Welcome to offseason storylines, a look into some of the biggest storylines surrounding the 2019-2020 Indiana Hoosiers. Today’s topic: How can Indiana improve its shooting next season?
Archie Miller still has two scholarship spots to fill on his 2019-2020 roster, and while it’s unclear who exactly will fill those spots, the skill Indiana should target has been evident for months.
IU has been one of the worst shooting teams in college basketball during Miller’s tenure, and barring drastic individual skill development this offseason, may continue to be next season. The coaching staff should look to add shooters to the roster at all costs, even if those players have limitations that prevent them from being much more than spot-up threats. While Miller doesn’t emphasize the 3-point shot as a feature of his offense, Indiana could do with an increase in 3-point volume – not to mention accuracy – if only it could find the shooters necessary to make it happen.
IU made double-digit 3s just three times last season and ranked 300th out of 353 Division I teams in percentage of shots taken from deep – both of which helped cripple Indiana’s offense last season. Beyond missing out on the additional point that comes from making a 3-pointer, the lack of spacing that stems from the absence of shooters constricts the floor and makes offense an exponentially more difficult endeavor. Nearly all of Romeo Langford’s drives were met with at least one help defender, while Juwan Morgan’s post-ups were often blanketed by double teams as opponents dared the rest of the team to make shots. Spoiler: they didn’t. Only Devonte Green shot better than 35 percent from distance last season, and nearly all of Indiana’s attempts came off the catch – theoretically the easiest triples to make.
For a team to lack that basic skill practically suffocates its offense to a point of futility. Indiana’s 109.4 offensive rating (per KenPom) ranked 82nd in the country and 11th in the Big Ten – even with talents like Langford and Morgan at the controls. Absent those catalysts, it’s difficult to see a path toward improvement in the near-term. For all their warts – of which there were many – perhaps no player in the Big Ten can replicate Morgan’s array of moves, finishes, and passes or Langford’s languid drives and smooth finishes. A potential silver lining: Morgan and Langford shot a combined 28 percent from deep last season. Replace that with another above-average mark from Green, improvements from Al Durham and Rob Phinisee, and average shooting from Armaan Franklin, and the team’s overall 3-point percentage ought to tick up.
But without Langford and Morgan’s playmaking, will IU be able to generate a high enough volume of attempts to genuinely compromise defenses?
Most every elite offense in college basketball last season featured either a deadly pull-up shooter or a deep cast of reliable catch-and-shoot marksmen (Duke was an exception, and if Indiana can somehow fill its remaining scholarships with facsimiles of Zion Williamson and R.J. Barrett, it will render this article’s reasoning irrelevant).

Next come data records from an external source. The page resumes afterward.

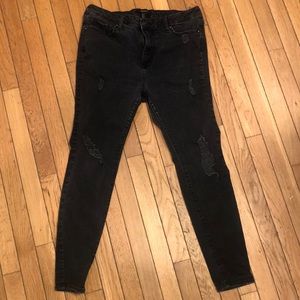 Forever 21+ Black Jeans Size 12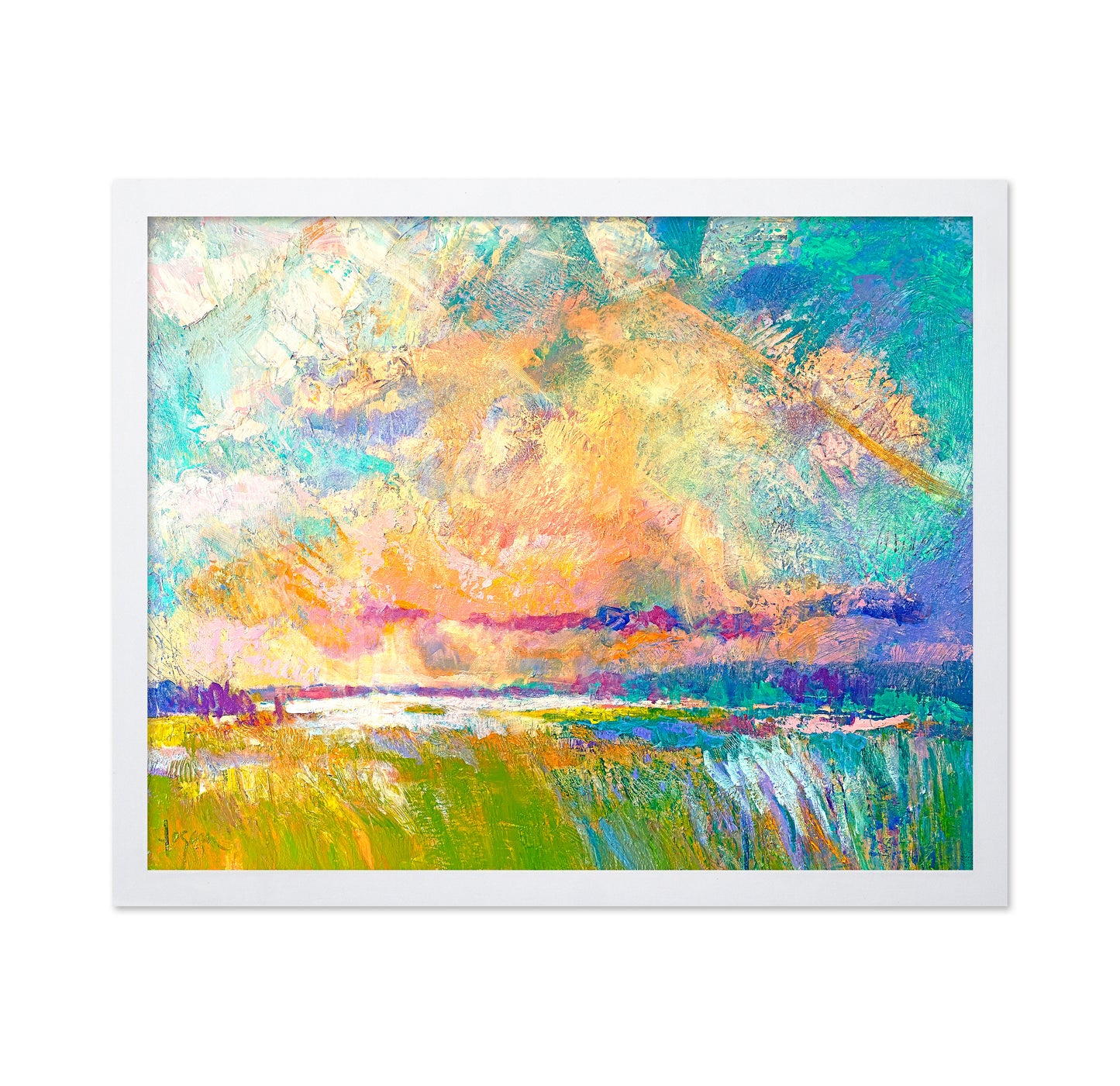Golden Sky Marsh No1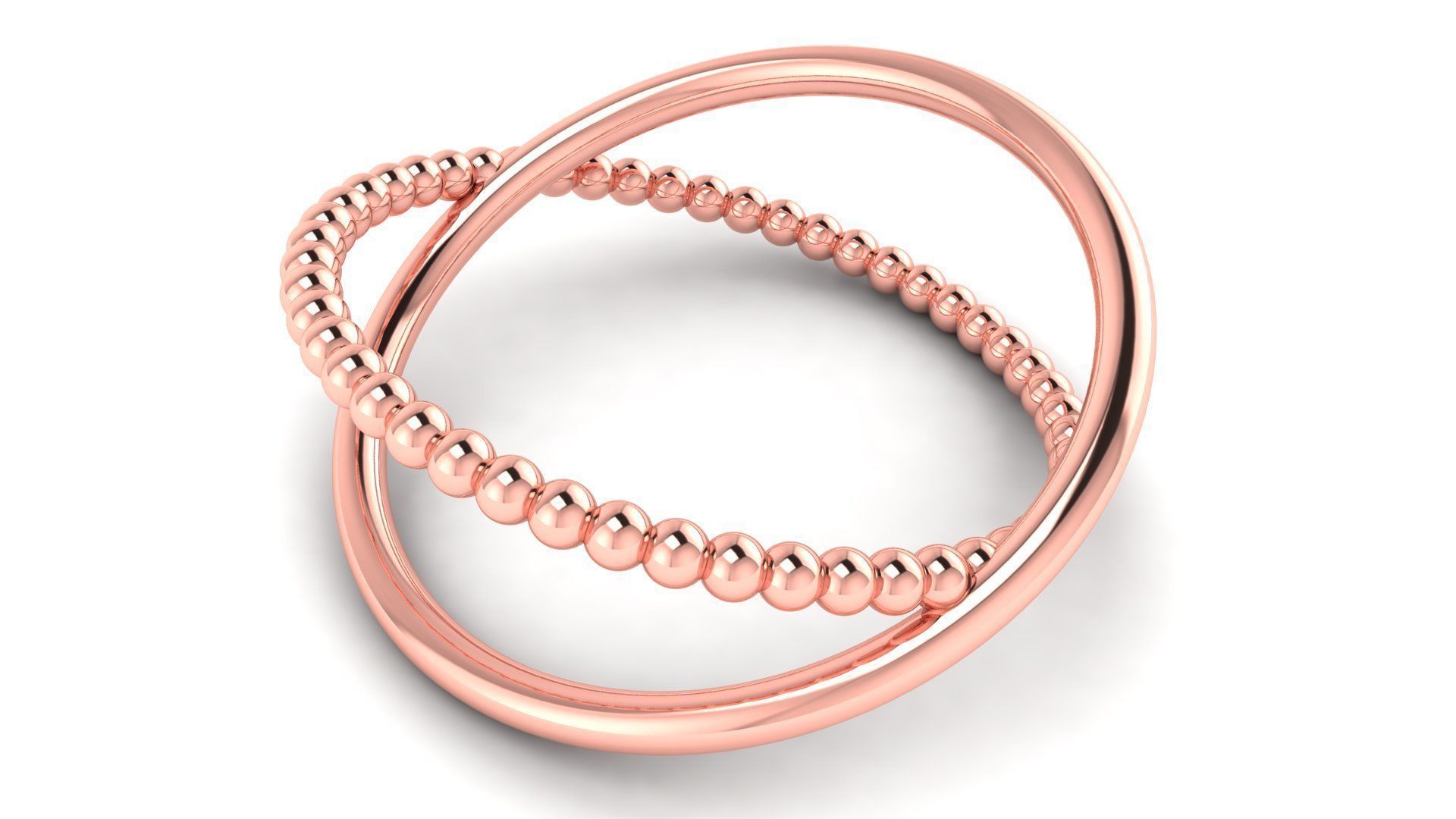 Ring M167 The luxury female abstract ring wedding 3D print model_30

IU had neither, and therefore lacked the gravity necessary to run an efficient offense. Indiana needs someone in the backcourt to pop for the offense to make any tangible strides next year. If one of those four becomes a legitimate threat to shoot off the dribble, Indiana instantly becomes more dynamic and the floor opens up for role players to more easily pick their spots. Phinisee and Franklin have the tools to become reliable – though not elite – pull-up shooters, even if they don’t get there next season.
At times, Green was Indiana’s best offensive guard last season; he’ll now be asked to sustain that for an entire season – an expectation that has proven challenging for him to meet in the past. Durham provided passable floor spacing for most of his sophomore season, and with his smooth, repeatable stroke, could offer more of the same as a junior. Phinisee was an inconsistent shooter as a freshman, but figures to be a good one moving forward. Franklin remains a wild card at the moment.
Given the personnel on its 2019-20 roster, Indiana will likely keep two bigs on the floor most of the time, which will further compromise its spacing. Most of those players are skilled enough to stay on the court together – and two-big alignments should help fortify the defense – but none are good enough shooters to solve any shooting concerns. Even if IU’s backcourt provides reliable volume shooting (an unlikely expectation to begin with), it won’t entirely remedy the team’s spacing concerns because Miller will essentially have to keep two complete non-shooters on the floor at all times. By this point in his IU coaching tenure, he has plenty of experience in those situations.